## Given material
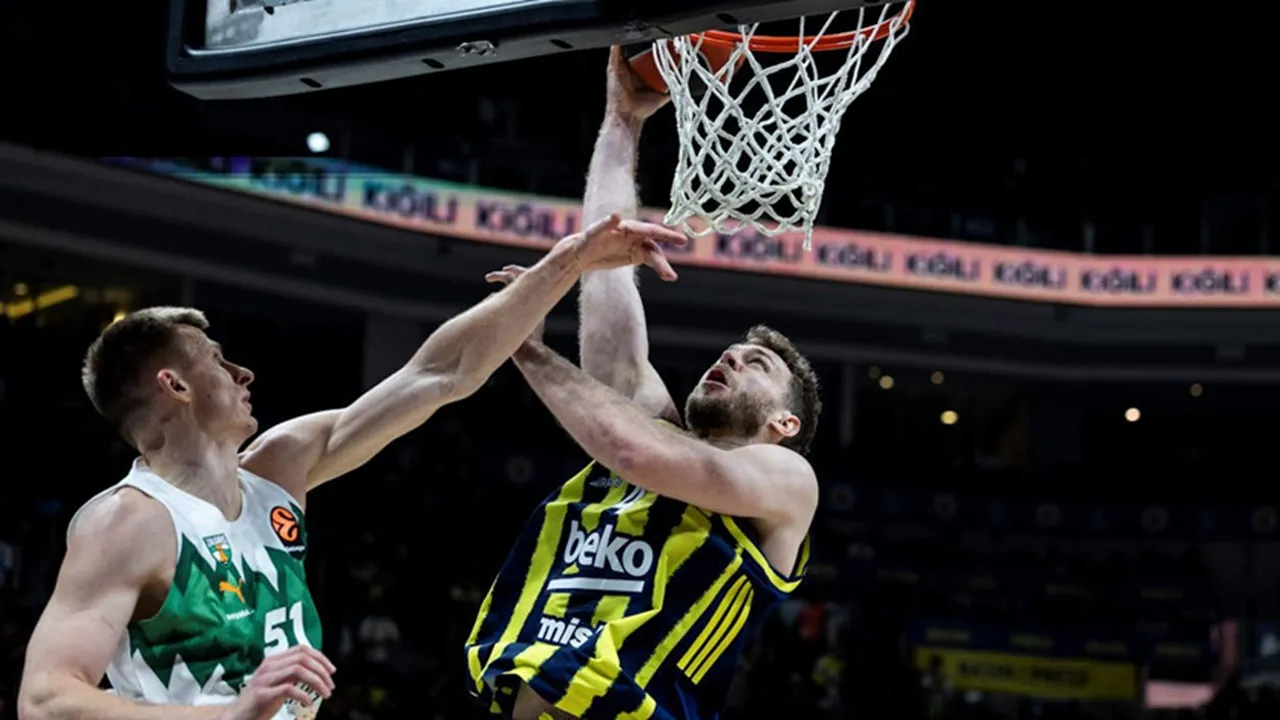 Fenerbahce Beko Hampir Pastikan Tempat di Final EuroLeague Usai Kalahkan Zalgiris
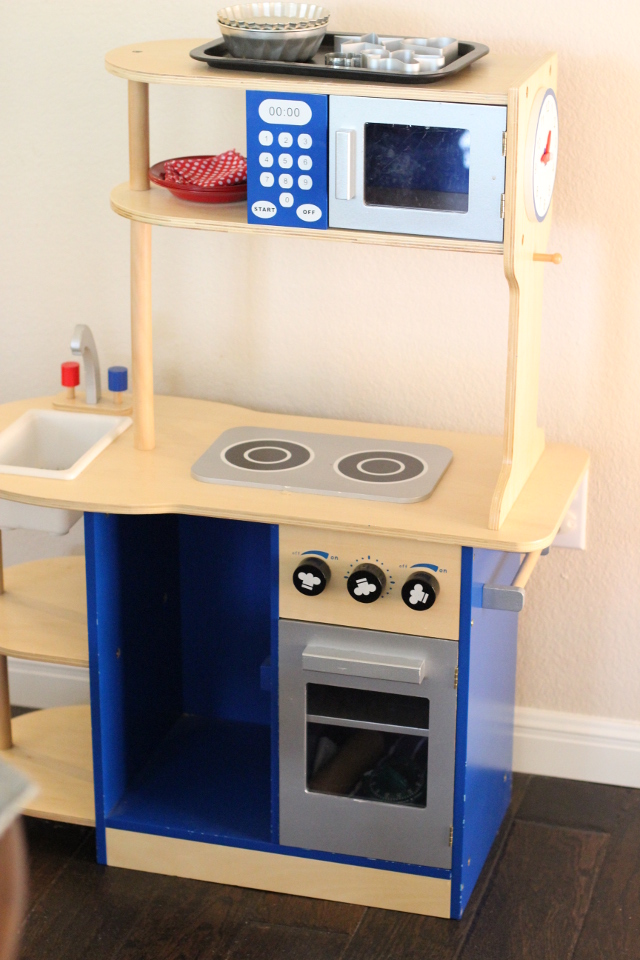 Walking with Cake: Wooden Play Kitchen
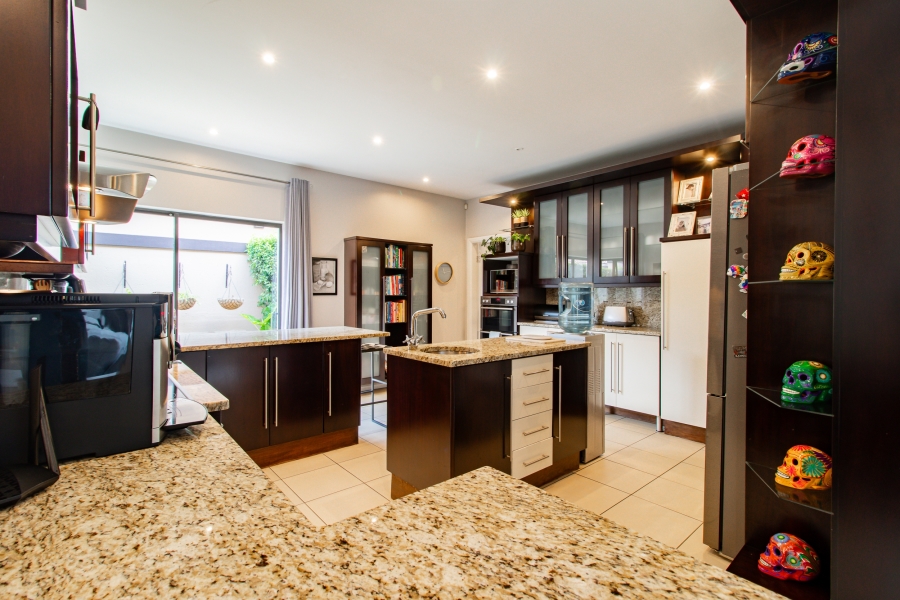 5 Bedroom Property for Sale in Bedfordview Gauteng
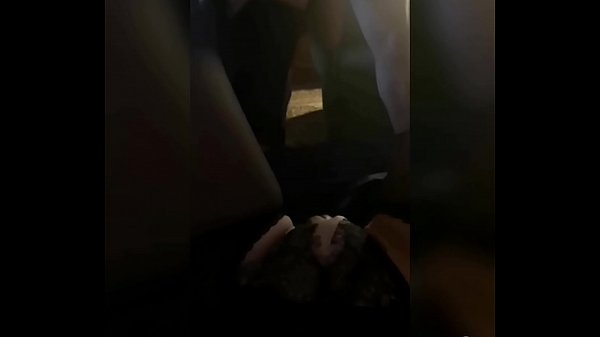 Hot MJM. Ægtemand knepper kæreste foran sin kone. Konens fisse bliver våd, hendes beskidte fantasier er bare forvirrende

## About this exercise
The span to retype runs from the line containing "5 Bedroom Property" through the last line of the listing above, both ends included; copy it exactly, without pictures.

## Reply
 5 Bedroom Property for Sale in Bedfordview Gauteng
 Hot MJM. Ægtemand knepper kæreste foran sin kone. Konens fisse bliver våd, hendes beskidte fantasier er bare forvirrende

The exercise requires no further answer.